Ketua Umum Pimpinan Pusat Dewan Masjid Indonesia (PP DMI), Jusuf Kalla, mengajak masjid di Indonesia untuk melaksanakan qunut nazilah pada Jumat, besok (6/3). Qunut dapat dibaca saat salat Jumat maupun saat salat sendiri.
"Ya, kita harap begitu (seluruh masjid di Indonesia). Jumatan kan, besok," kata Jusuf Kalla ditemui di Masjid Kampus UGM, Kamis (5/3).
Wapres ke-10 dan 12 RI itu mengungkapkan alasan melaksanakan qunut nazilah, yakni untuk perdamaian di Timur Tengah.
"Kita mendoakan kedamaian di Timur Tengah.

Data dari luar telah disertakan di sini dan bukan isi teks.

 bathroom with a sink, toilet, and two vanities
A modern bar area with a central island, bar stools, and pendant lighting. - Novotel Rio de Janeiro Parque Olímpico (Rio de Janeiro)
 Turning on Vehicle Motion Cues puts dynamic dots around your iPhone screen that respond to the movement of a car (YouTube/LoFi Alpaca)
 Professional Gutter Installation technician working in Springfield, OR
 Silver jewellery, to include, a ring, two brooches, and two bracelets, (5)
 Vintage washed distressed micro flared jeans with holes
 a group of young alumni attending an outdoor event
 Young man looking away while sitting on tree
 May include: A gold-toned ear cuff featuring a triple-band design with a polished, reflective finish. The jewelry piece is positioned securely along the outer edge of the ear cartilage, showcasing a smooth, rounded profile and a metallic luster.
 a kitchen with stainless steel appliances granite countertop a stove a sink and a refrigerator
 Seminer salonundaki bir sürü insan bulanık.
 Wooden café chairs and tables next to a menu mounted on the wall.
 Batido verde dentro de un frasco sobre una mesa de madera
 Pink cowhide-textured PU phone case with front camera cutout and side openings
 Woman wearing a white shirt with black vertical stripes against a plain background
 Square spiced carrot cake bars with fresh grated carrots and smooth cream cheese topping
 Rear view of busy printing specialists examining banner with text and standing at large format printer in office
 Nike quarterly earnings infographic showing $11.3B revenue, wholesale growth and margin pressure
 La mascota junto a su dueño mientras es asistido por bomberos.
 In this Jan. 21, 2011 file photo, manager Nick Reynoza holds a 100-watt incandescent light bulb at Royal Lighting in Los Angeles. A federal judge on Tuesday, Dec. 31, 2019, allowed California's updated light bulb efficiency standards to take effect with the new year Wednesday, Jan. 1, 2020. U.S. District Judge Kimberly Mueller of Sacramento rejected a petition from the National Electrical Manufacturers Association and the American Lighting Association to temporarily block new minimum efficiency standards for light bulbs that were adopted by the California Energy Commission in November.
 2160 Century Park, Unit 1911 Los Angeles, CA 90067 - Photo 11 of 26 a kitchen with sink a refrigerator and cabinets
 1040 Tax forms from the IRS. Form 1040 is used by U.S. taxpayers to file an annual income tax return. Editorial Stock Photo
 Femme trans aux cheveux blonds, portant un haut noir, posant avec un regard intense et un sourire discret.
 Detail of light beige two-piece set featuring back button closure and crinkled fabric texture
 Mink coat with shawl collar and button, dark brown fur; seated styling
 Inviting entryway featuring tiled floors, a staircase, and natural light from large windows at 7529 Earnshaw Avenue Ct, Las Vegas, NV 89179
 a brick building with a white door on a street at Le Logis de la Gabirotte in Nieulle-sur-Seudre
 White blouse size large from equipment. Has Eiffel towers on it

Khususnya bagaimana Iran itu dapat selamat, dapat damai, dan dapat kalau perlu memenangkan, jangan penyerang itu. Itulah yang kita doa, bagaimana Palestina, bagaimana perang antara Pakistan dan Afghanistan berhenti semua," kata JK.
Sebelumnya, Jusuf Kalla, selaku Ketum PP DMI menginstruksikan kepada jajarannya di seluruh Indonesia untuk melakukan qunut nazilah. Instruksi itu tertuang dalam surat dengan nomor 035.C/III/SE/PP-DMI/III/2026. Surat tersebut ditembuskan ke pimpinan DMI Pusat hingga daerah, organisasi otonom DMI, pengurus DKM dan takmir masjid dan musala se Indonesia, serta seluruh Umat Islam Indonesia.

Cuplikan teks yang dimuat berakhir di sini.